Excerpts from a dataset
※ ※ ※

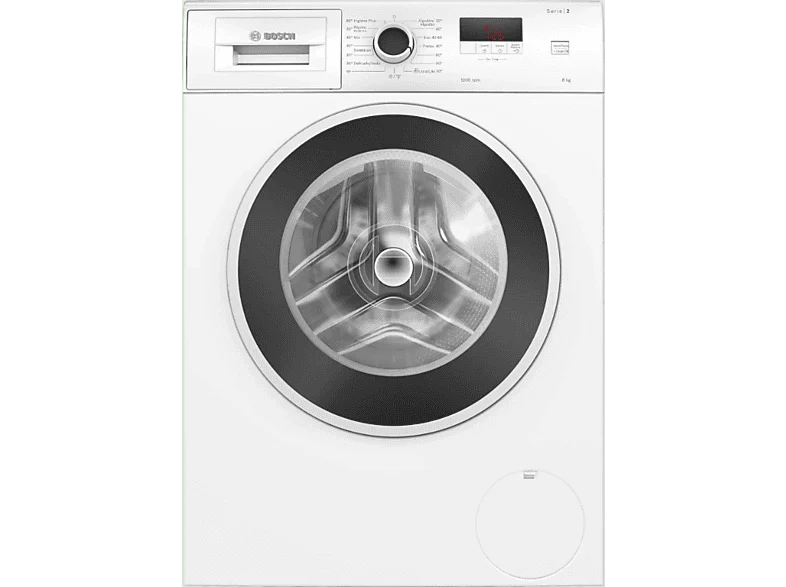 Lavadora carga frontal - Bosch WGE03200ES,Serie 2, 8 kg, 1.200 rpm, 13 programas, Higiene Plus, Motor EcoSilence, Blanco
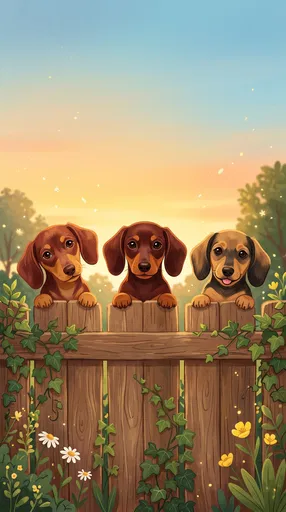 Three Dachshund Puppies Peeking Over Fence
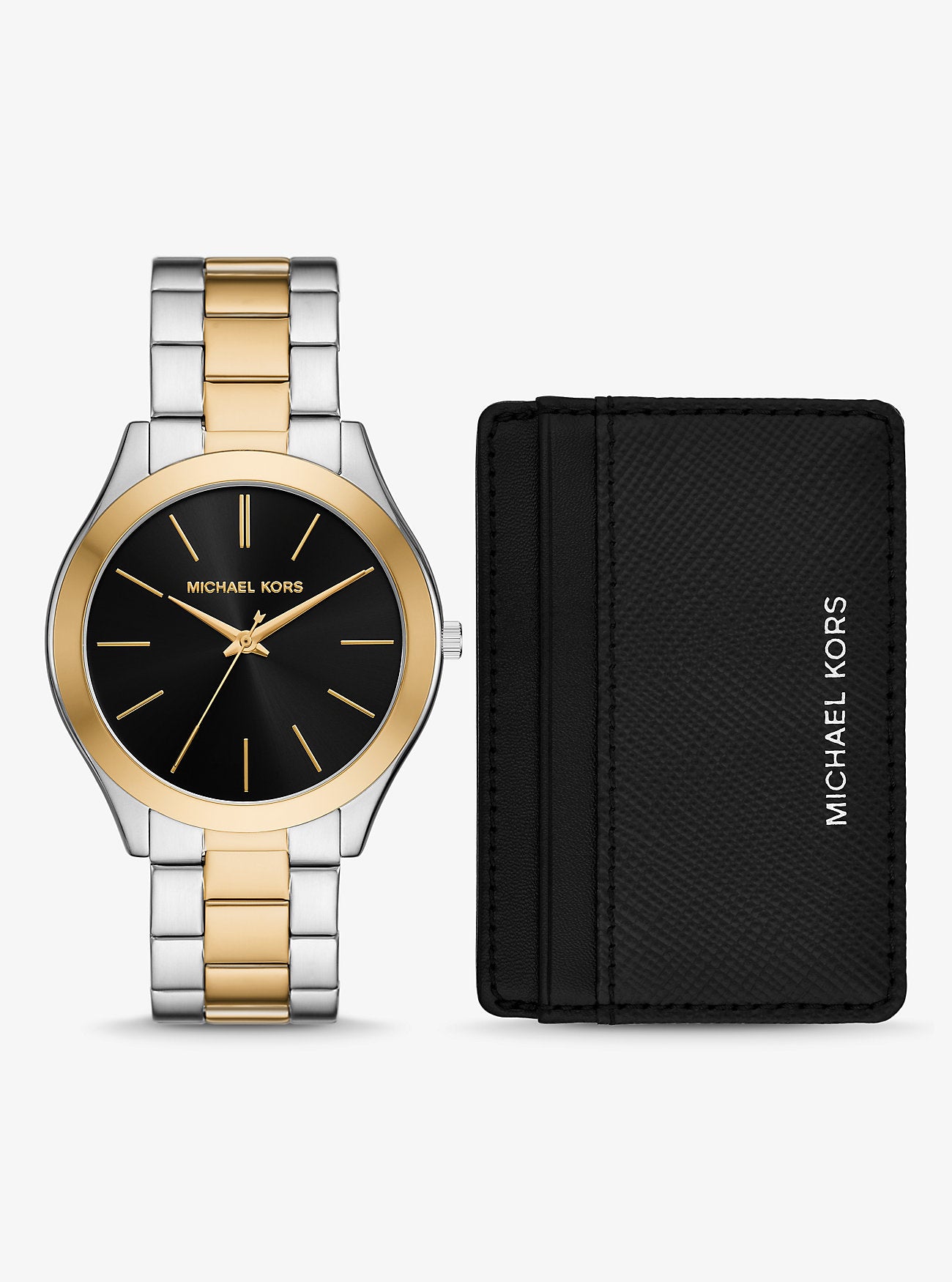 Oversized Aspyn Two-Tone Watch and Leather Card Case Gift Set TWO TONE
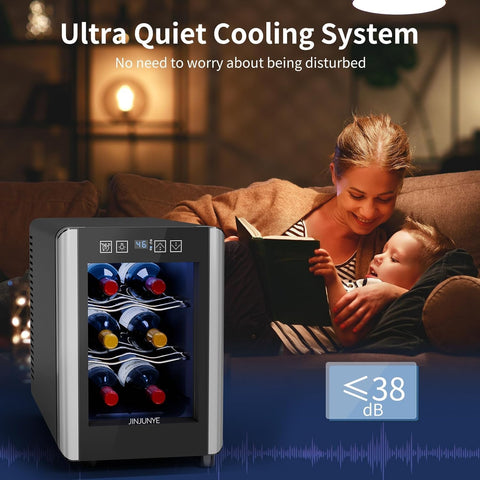 6 Bottle Wine Cooler, Wine Fridge Small with Digital Temperature Control, 46-65℉, Countertop Wine Cooler Refrigerator, Mini Freestanding Wine Cellars Glass Door, Thanksgiving, Christmas Gift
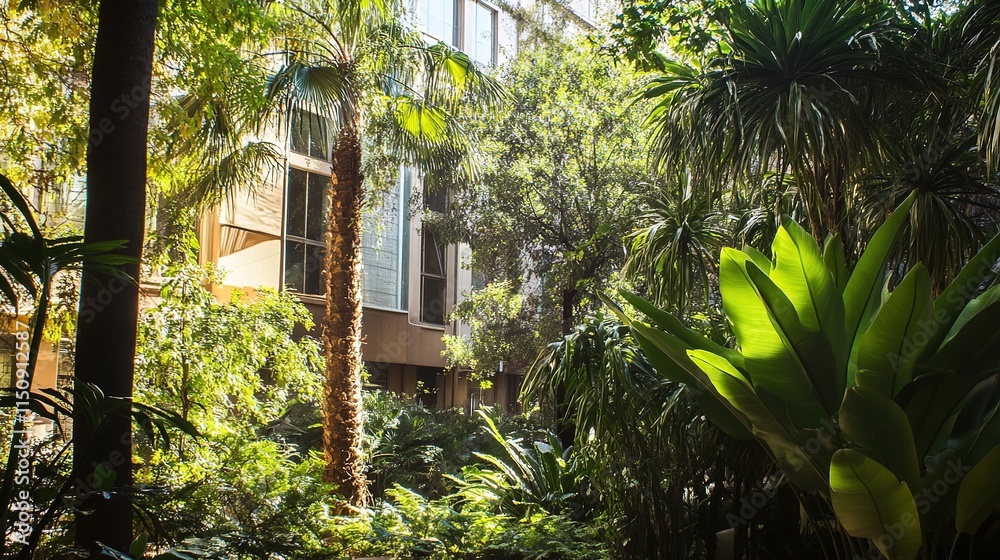 Big Plants and Trees with Small Accommodations in the Background, Creating a Cozy Outdoor Scene Big Plants and Trees with Small Accommodations in the Background, Creating a Cozy Outdoor Scene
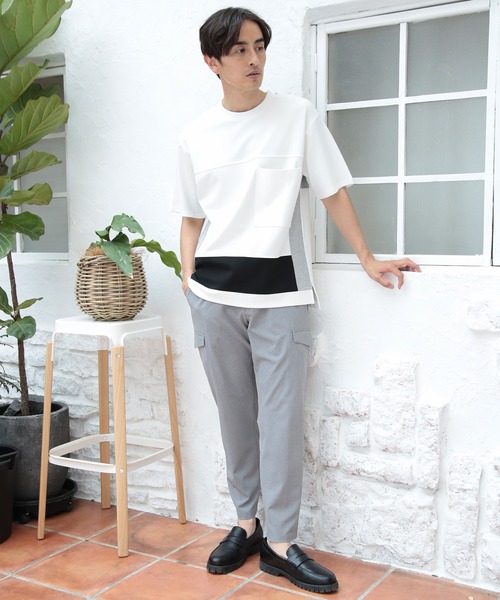 UNION STATION（ユニオンステーション）の「【ポンチ素材】レイヤードシャツ（Tシャツ/カットソー・メンズ・ベージュ/オフホワイト/ブラック・LL/S/L/M）」の9枚目の写真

※ ※ ※

Task brief:
The range to transcribe runs from the line holding "Oversized Aspyn Two-Tone" through the final line of the data above; copy it exactly and exclude the pictures.

Solution for this task:
 Oversized Aspyn Two-Tone Watch and Leather Card Case Gift Set TWO TONE
 6 Bottle Wine Cooler, Wine Fridge Small with Digital Temperature Control, 46-65℉, Countertop Wine Cooler Refrigerator, Mini Freestanding Wine Cellars Glass Door, Thanksgiving, Christmas Gift
 Big Plants and Trees with Small Accommodations in the Background, Creating a Cozy Outdoor Scene Big Plants and Trees with Small Accommodations in the Background, Creating a Cozy Outdoor Scene
 UNION STATION（ユニオンステーション）の「【ポンチ素材】レイヤードシャツ（Tシャツ/カットソー・メンズ・ベージュ/オフホワイト/ブラック・LL/S/L/M）」の9枚目の写真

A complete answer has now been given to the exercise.